◆ What is needed
Word for word, give the data again without its pictures.

◆ Supplied information

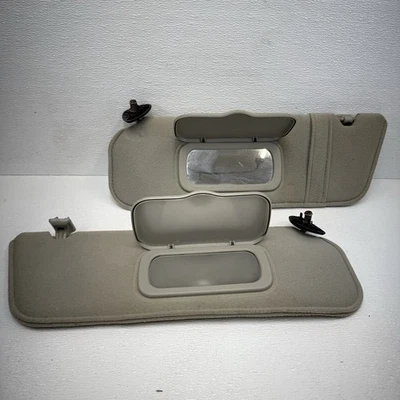 2002-2005 Ford Explorer Sun Visor Set Pair with Mirrors Tan LH RH Left Right - Image 1 of 4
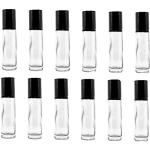 Botellas de vidrio vacías recargables de 0.33 onzas con tapa negra, perfectas para perfumes de aromaterapia, aceites esenciales, brillo de labios y más (paquete de 12)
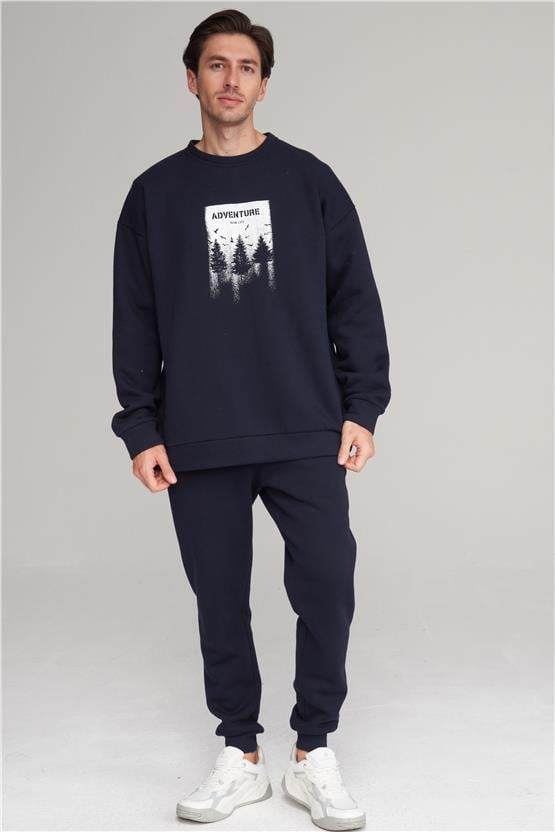Çetinkaya Mentality 3970 3 İplik Bisiklet Yaka Baskılı Koyu Gri Sweatshirt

◆ Task output
 2002-2005 Ford Explorer Sun Visor Set Pair with Mirrors Tan LH RH Left Right - Image 1 of 4
 Botellas de vidrio vacías recargables de 0.33 onzas con tapa negra, perfectas para perfumes de aromaterapia, aceites esenciales, brillo de labios y más (paquete de 12)
Çetinkaya Mentality 3970 3 İplik Bisiklet Yaka Baskılı Koyu Gri Sweatshirt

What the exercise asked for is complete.